An important service in the gathering of furs for the Hudson's Bay Company was performed by trappers classed as "free-men." They came from Canada, intermarried and lived with the Indians. Many of them were Iroquois of full or part blood, their language was French, and their early religious contacts had been Catholic. These freemen were grub-staked, to use a miner's term; that is, furnished at the trading post with traps and food which were to be paid for with skins during, or at the end of, the season. The late Father L. B. Palladino, resident of the Bitter Root valley in Montana for many years, and author of Indian and White in the Northwest, wrote that the Flatheads obtained their knowledge of God from these Iroquois freemen and the four Indians went to Saint Louis in search of "Black Robes." The writer of this study had a slight personal acquaintance with Father Palladino and holds high regard for his astute service and opinion, but thinks there may have been confusion of these four Indians with others of a few years later, whose visit resulted in the coming of the famous Father DeSmet to the Flatheads and other tribes.

The request made at Spokane Forks to Governor Simpson for missionaries was unheeded. The two boys who accompanied him to Red River were named Spokane Garry and Kootenay Pelly. The latter died but Garry returned to his people, just when has not been positively ascertained.

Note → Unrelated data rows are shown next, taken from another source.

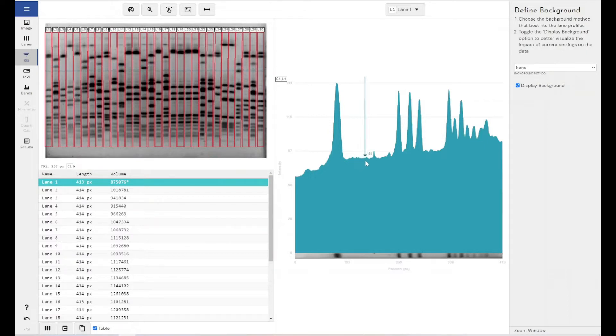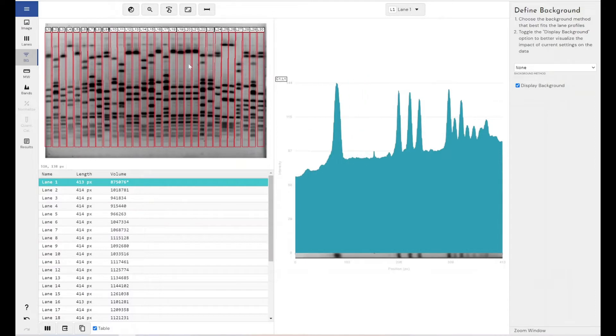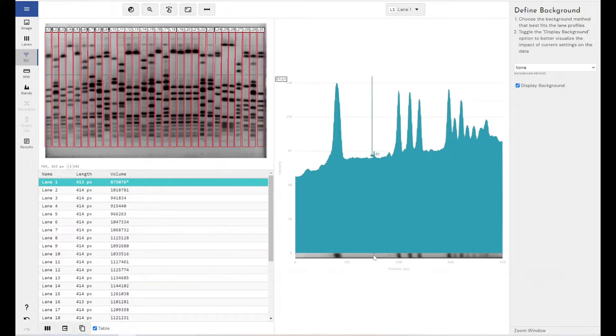You can see here this area would be considered background and it relates to this grey area within our image here where we don't have any areas of obvious signal. You can see it here.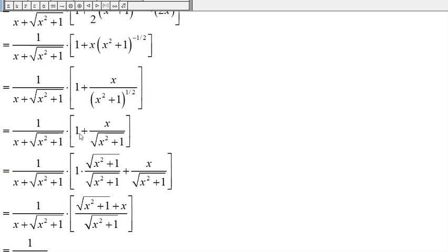Now let's add the 1 and x over the square root of x squared plus one. The common denominator is the square root of x squared plus one. So we multiply the 1 by the square root of x squared plus one over the square root of x squared plus one, and we end up with the square root of x squared plus one plus x, all over the square root of x squared plus one.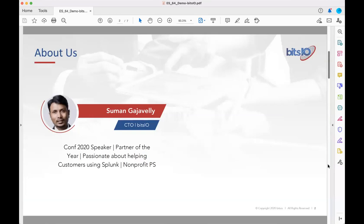I'm Suman Gajoli, CTO of Bitsio. I've spoken at .conf 2020 and I'm going to be speaking at 2021. We are Partner of the Year, and we're passionate about helping customers. We also spend a lot of time helping non-profits.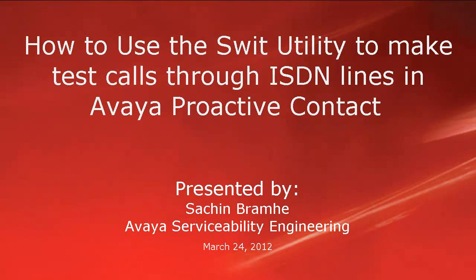Hello and welcome. I'm Sachin Bramhey with Avaya Serviceability Engineering. In this video, we'll see how to use SWIT Utility to make test calls through ISDN lines in Avaya Proactive Contact.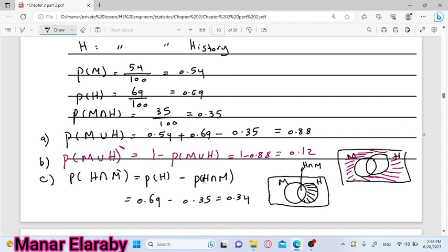أتمنى هنا الأفكار الخاصة بالcomposite events تكون واضحة، والexamples اللي أخدناهم دي تكون مساعدة في فهم الconcept نفسه. لو في أي سؤال أو جزء مش واضح يتم التواصل بشكل مباشر. شكرا جدا ليكم والسلام عليكم ورحمة الله.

Recently a copy of a Bible has been found in the possession of his great-granddaughter, near Spokane, a well thumbed and marked book which belonged to him and which he may have made use of in the tribe. But he soon returned to the usual Indian life. Governor Simpson passed through the country again in 1841 and tells of finding Garry playing cards in a tepee and unwilling to even come out to greet his former benefactor.[1]


  1. George Simpson, Narrative of a Journey around the World, vol. I, pages 144-45.